▸ **DATA SHOWN**
_ _ _
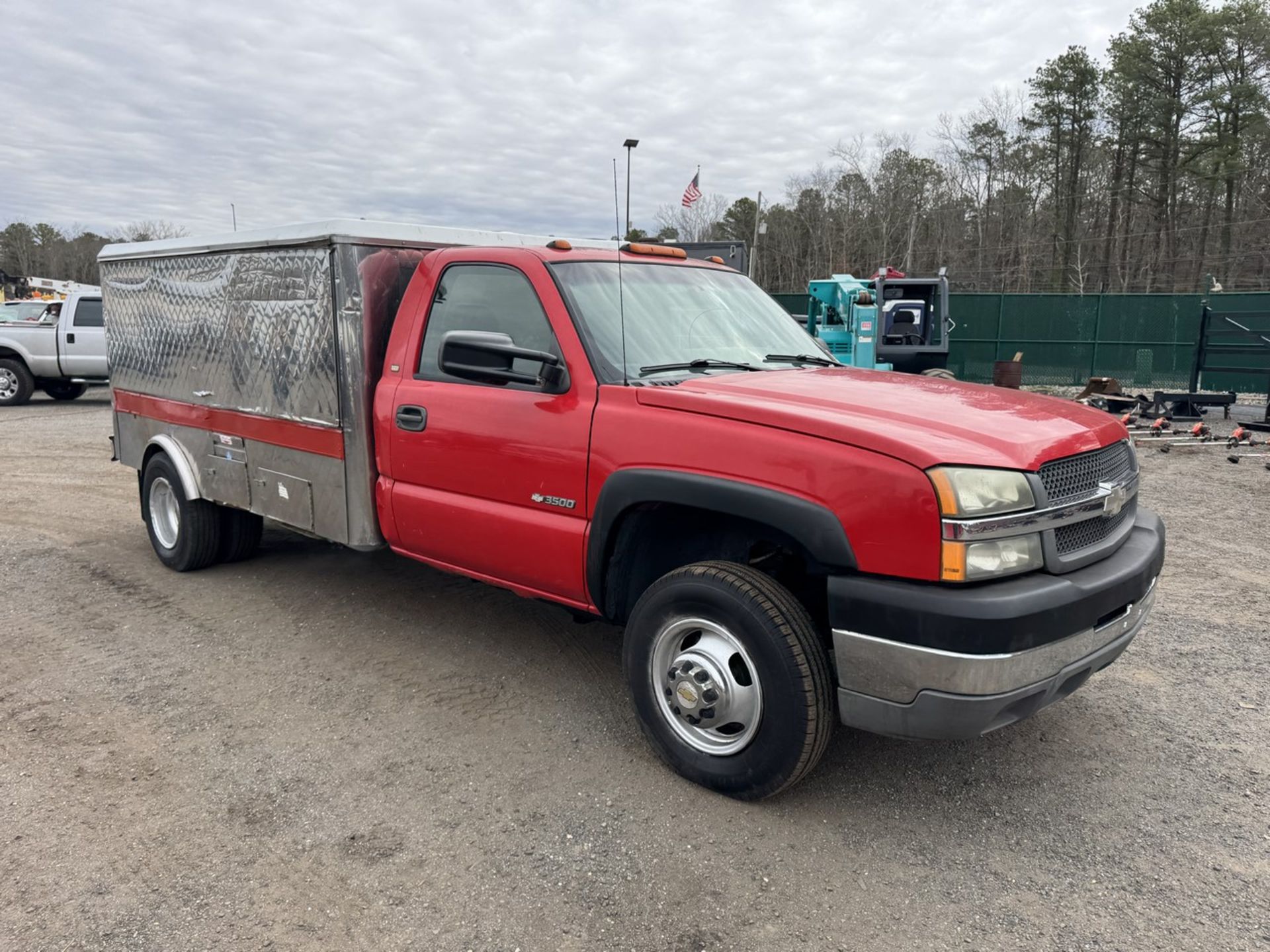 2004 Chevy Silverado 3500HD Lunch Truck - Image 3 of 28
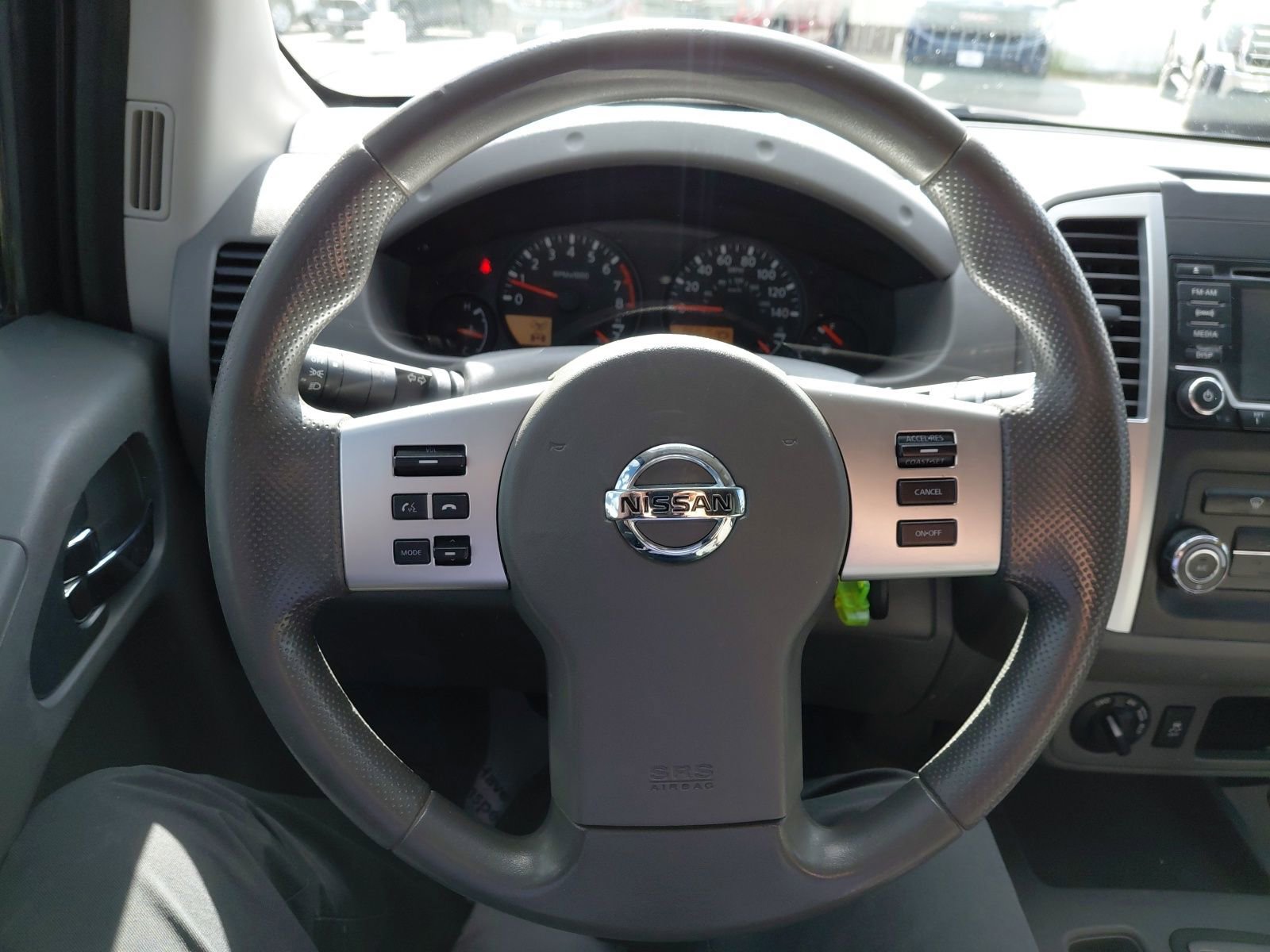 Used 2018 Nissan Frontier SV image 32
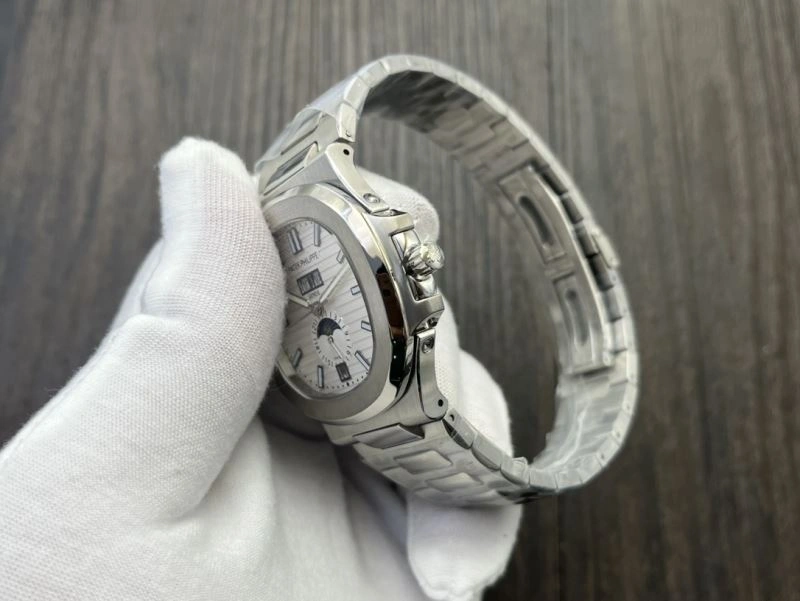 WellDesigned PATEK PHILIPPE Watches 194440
_ _ _
▸ **ABOUT THIS TASK**
Reproduce, exactly and with no pictures, the lines from the line containing "Used 2018 Nissan Frontier SV image 32" through the closing line of the data above, keeping both ends.

▸ **RESPONSE TO THIS TASK**
 Used 2018 Nissan Frontier SV image 32
 WellDesigned PATEK PHILIPPE Watches 194440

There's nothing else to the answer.